## EXERCISE DESCRIPTION
From the records below, output exactly the lines starting at the line with "구내염이란 무엇일까요? (cartoon 스타일)" and ending at the line with "Grateful Dead Psychedelic Tee", both of them included, but no pictures.

## SUPPLIED ENTRIES
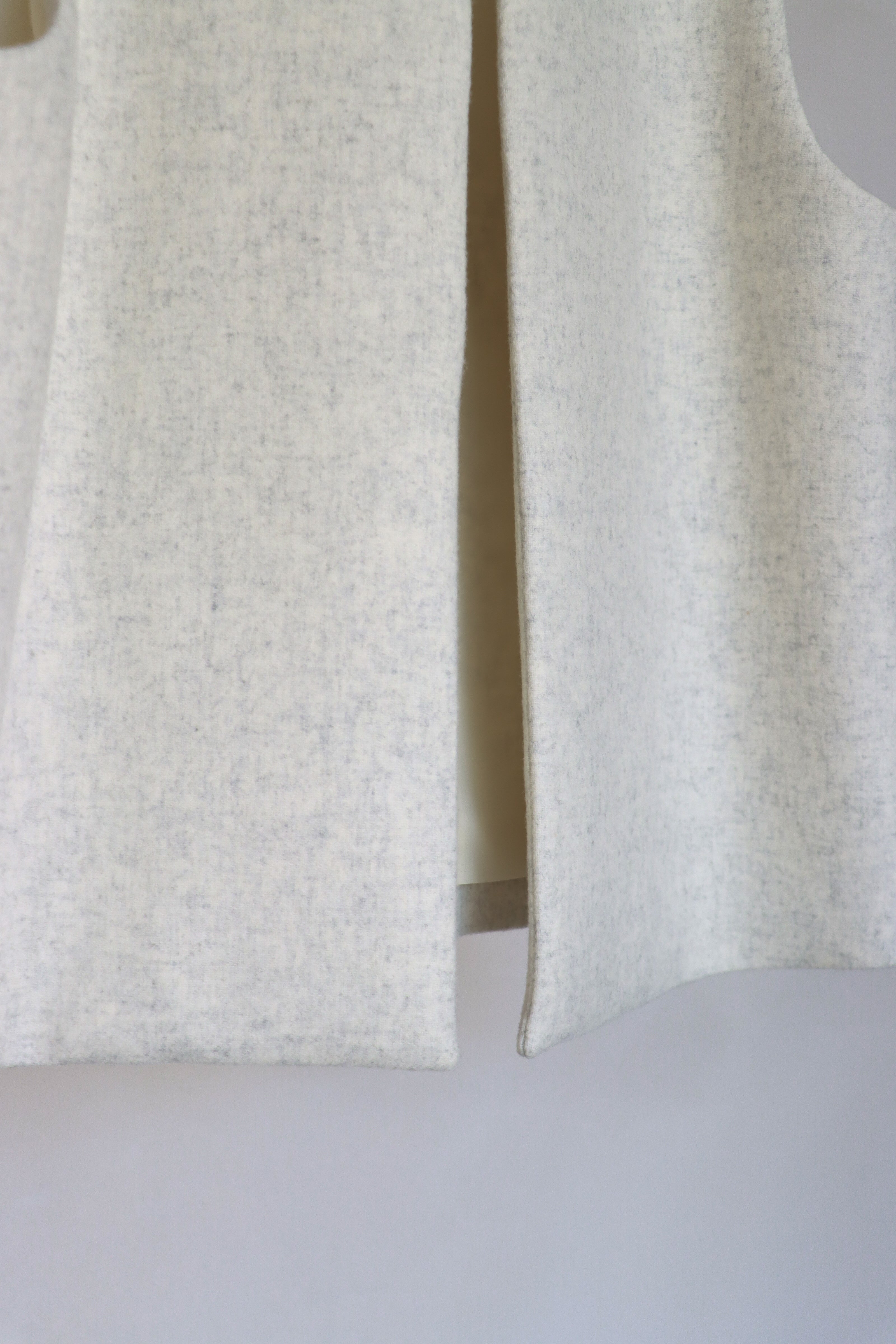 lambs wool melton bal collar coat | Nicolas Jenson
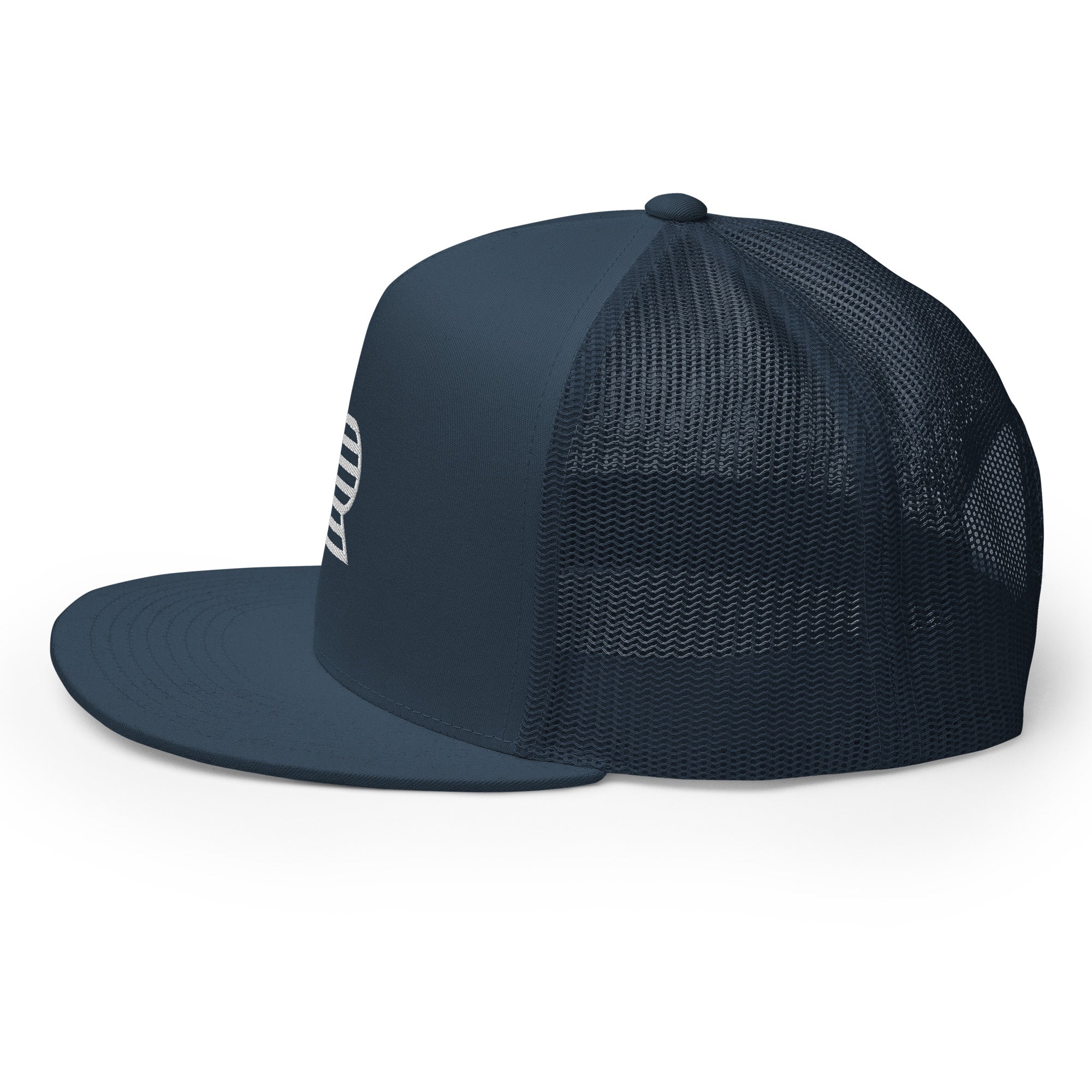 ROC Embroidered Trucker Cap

* * *

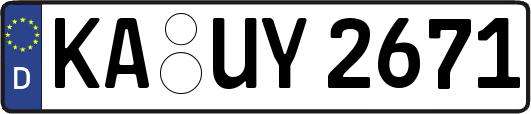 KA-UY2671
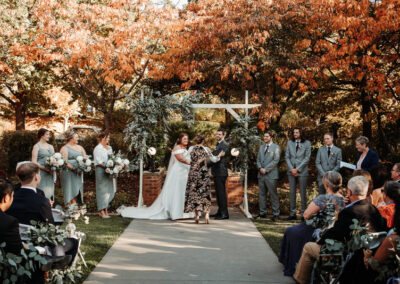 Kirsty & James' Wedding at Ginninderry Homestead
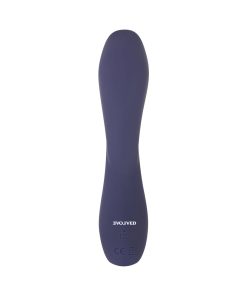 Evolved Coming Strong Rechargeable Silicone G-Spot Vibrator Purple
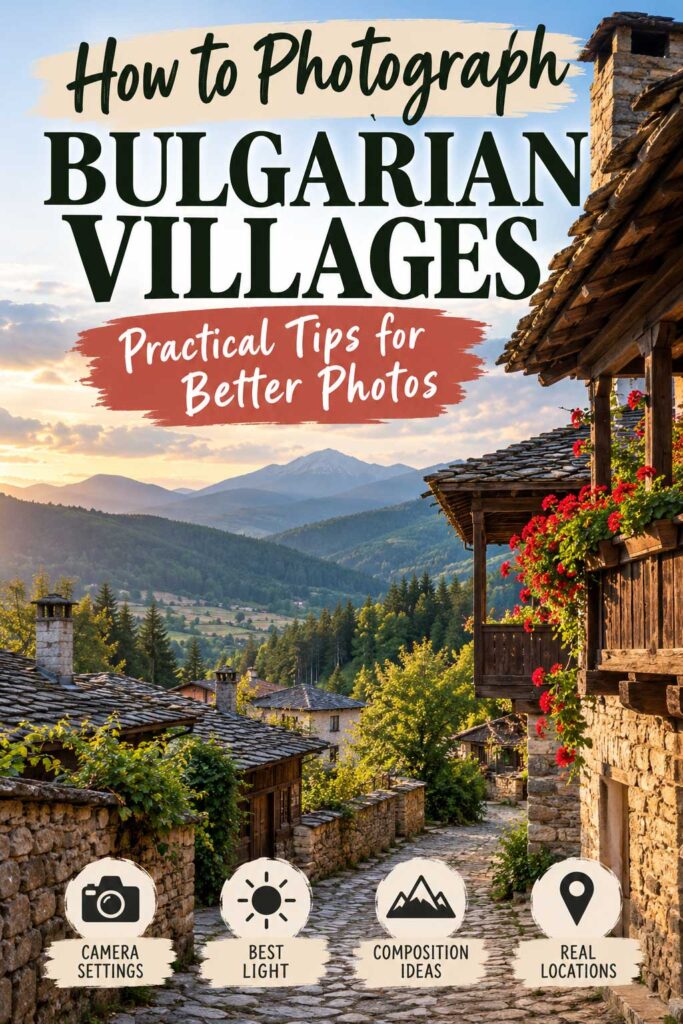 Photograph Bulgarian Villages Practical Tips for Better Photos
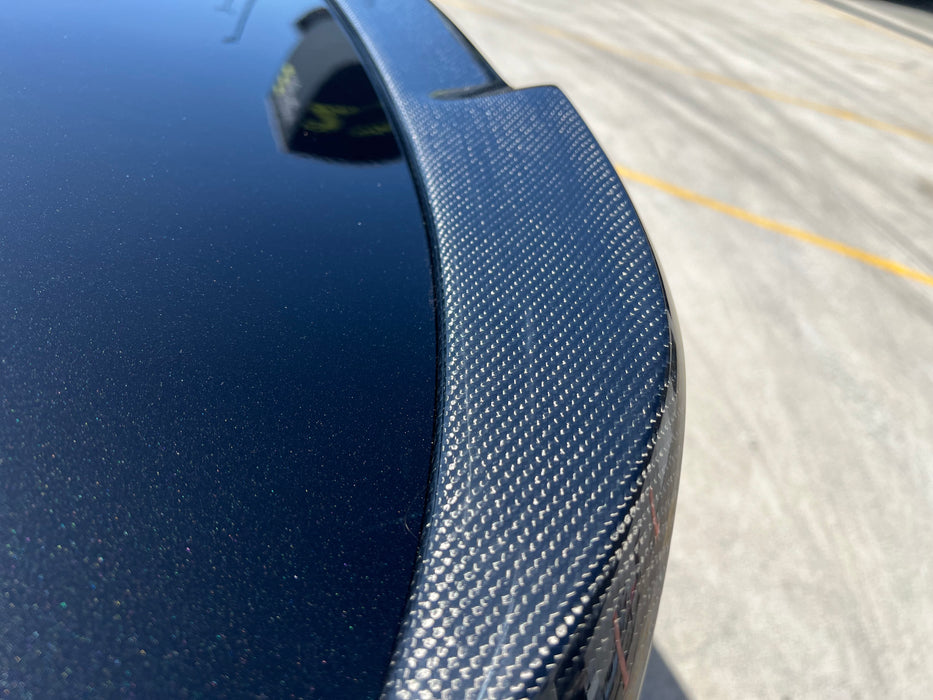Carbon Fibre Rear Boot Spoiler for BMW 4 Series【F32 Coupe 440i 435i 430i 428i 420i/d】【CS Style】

...

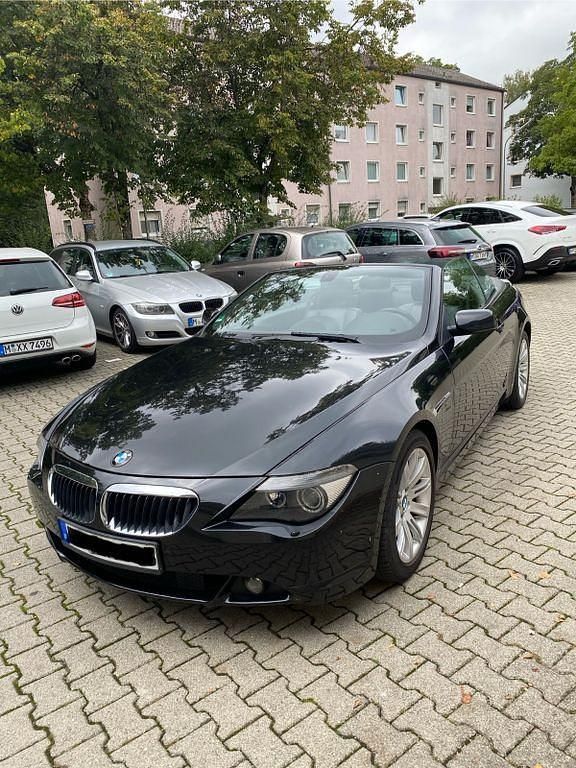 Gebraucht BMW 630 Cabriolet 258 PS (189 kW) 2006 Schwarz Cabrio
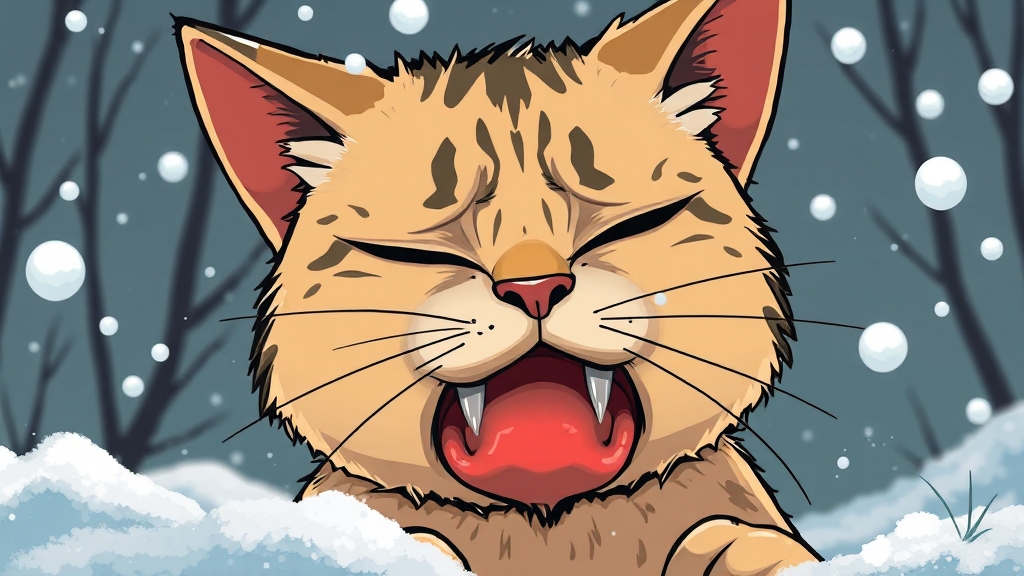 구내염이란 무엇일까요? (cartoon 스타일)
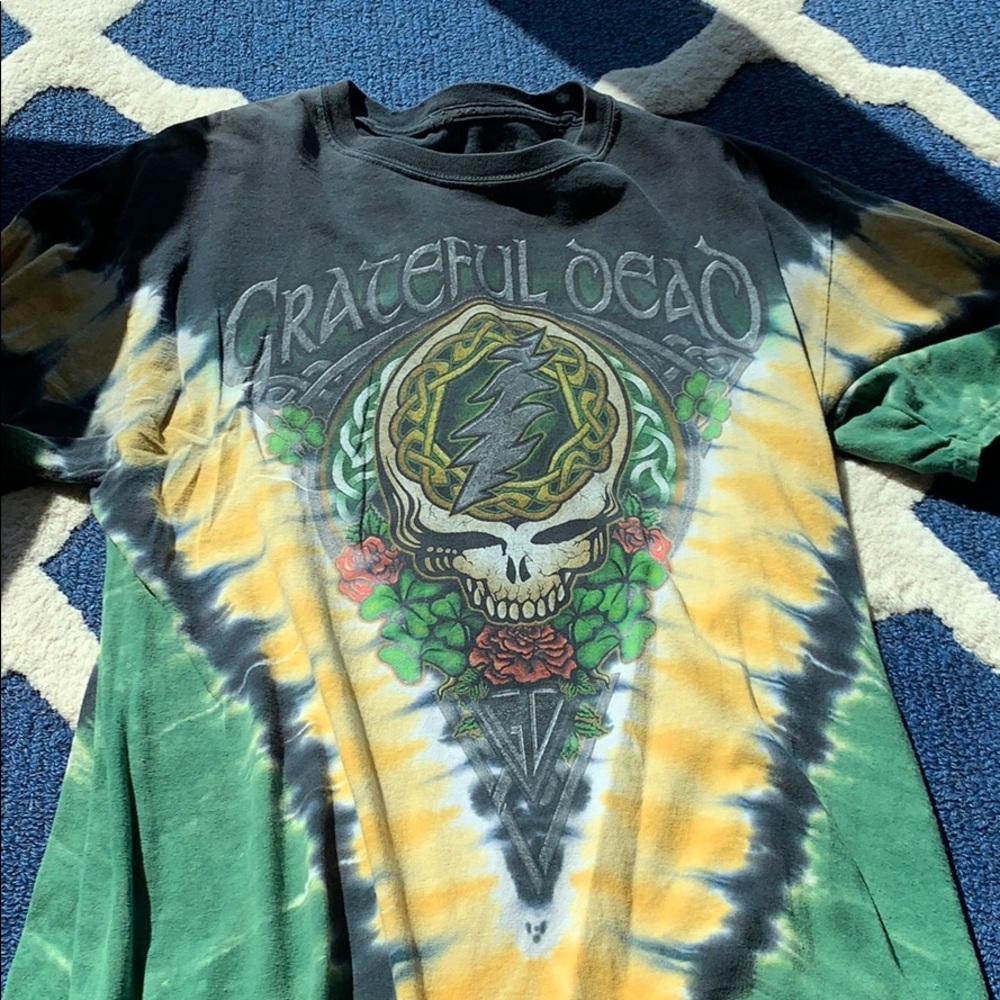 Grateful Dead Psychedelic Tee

## TASK ANSWER
 구내염이란 무엇일까요? (cartoon 스타일)
 Grateful Dead Psychedelic Tee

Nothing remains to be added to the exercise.